2018 animation, dir. Bob Persichetti, Peter Ramsey and Rodney
Rothman; IMDb /
allmovie.
Kid bitten by radioactive spider, great responsibility, blah blah. But
this isn't just another retread of the usual origin story: universes
are colliding, and each of them has its own Spider-Man.
It's a shame therefore that Miles Morales, the centre of the
narrative, has such a conventional progression: uncontrolled powers,
new enemies, new friends, betrayal, depression, not good enough for
the Big Fight, has a Moment of Realisation, goes along anyway and
saves the day. That's an awful lot of superhero origin stories, and
this film doesn't add much to that.
It's all the others who make it interesting. The five other
Spider-Man-equivalents from alternate worlds may individually be
under-used, not surprising since they have to be squeezed in next to
some entirely pointless minor supervillains as well as the main
opposition, but collectively they do an effective job of pointing up
the differences between different worlds' superheroes as well as the
similarities, the factors that make each one an effective hero for
their own world. (As it is, some of them are introduced in parallel.

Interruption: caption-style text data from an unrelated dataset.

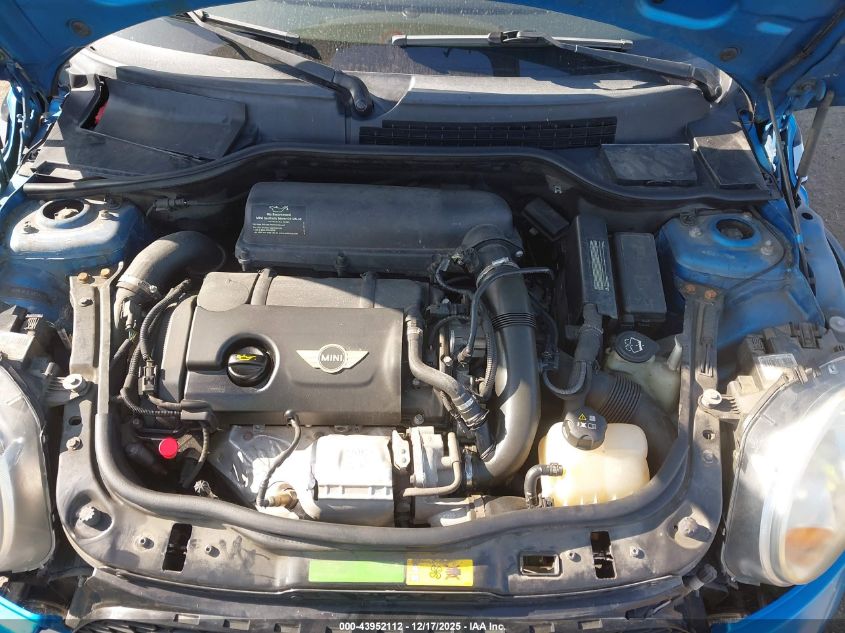 2011 Mini Cooper S Clubman VIN: WMWZG3C58BTY30364 Lot: 43952112
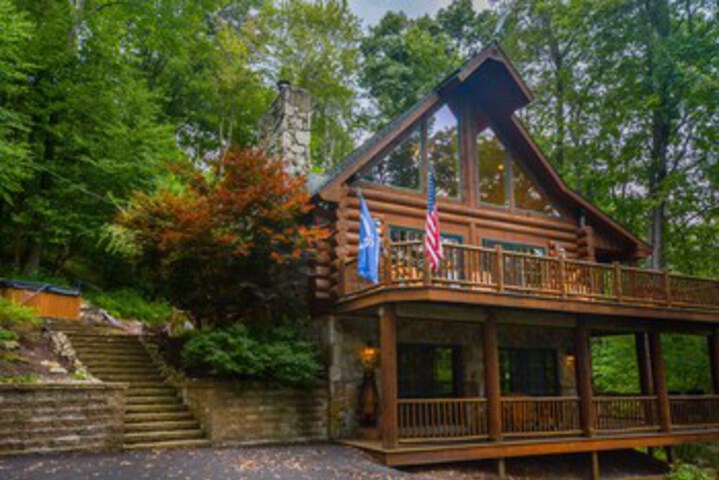 Bear Necessity 4 Bedroom House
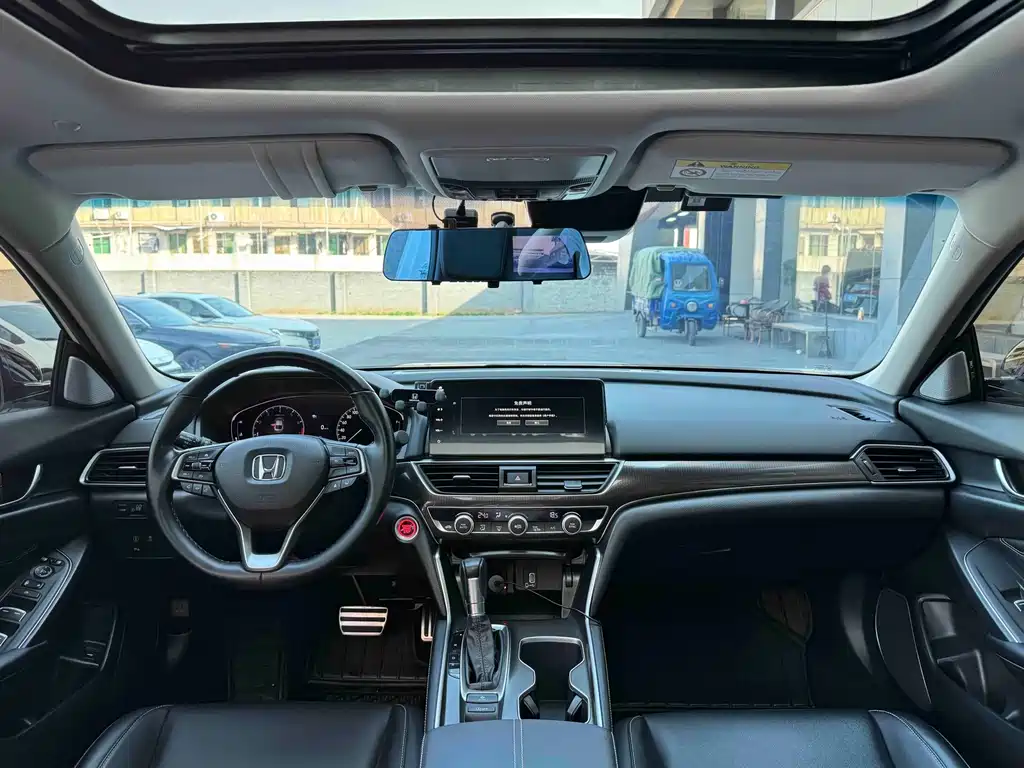 Honda Accord — миниатюра 5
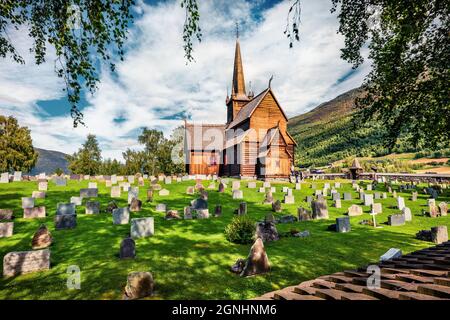 Vue pittoresque de l'église de la rive de LOM (LOM Stavkyrkje). Scène matinale ensoleillée de la campagne norvégienne, centre administratif de la municipalité de LOM Banque D'Images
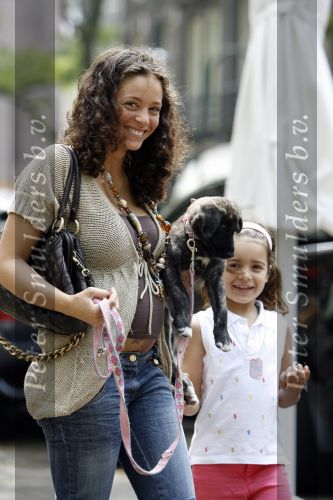 Amsterdam 7 juni 2007
Een zwangere Fajah Lourens met haar hondje en dochter aan het winkelen.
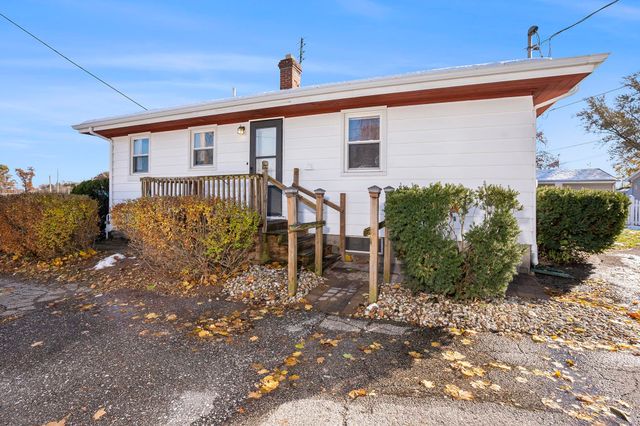 211 Hodson Avenue, Mishawaka, IN 46544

Original plans had more of the alternates, who'd presumably have
been even less developed each.)
The animation feels to me like the first time I've seen a comic-book
film that is trying to imitate the feel of comics, more than the
easy trappings of brightly-coloured costumes and so on. It's a blend
of generic modern CGI and near-photorealistic backgrounds from
Sony-Imageworks (the cars in particular look as if they've been
modelled for an advertisement) with characters who while they've
obviously started off as the usual uncanny-valley dolls have been
augmented with 3d-rigged highlight lines. By being inaccurate in terms
of modelling of a human being, those lines make the characters look
more like people, or rather more like the cartoons that they're
supposed to be. Then the backgrounds sometimes shift in style to a
more four-colour form, and the camera moves at least as much as the
characters do, while not being twirled round so as to disrupt the
viewer's reference: as the frame follows characters through their
acrobatics, one still has a sense of what's where and how things
relate to each other. I wonder whether this sort of impression, of
everything moving fast but still making sense, is what some comic
readers may get from the static images, which to me have always seemed
poor at delivering any sense of movement.
Pacing is a bit rough. The chases are good but samey, the superminions
get shoehorned in to keep things moving when we might have had some
character development, and the most interesting character in the
piece, this world's version of Doctor Octopus, is casually wiped off
the board so as not to overshadow the final fight against the real
boss. (Way too late for that.)
I'm not much of a superhero fan, and this certainly isn't perfect, but
I enjoyed it all the same. And I'd definitely like to see more
animation done in this style and with this sense of enthusiasm.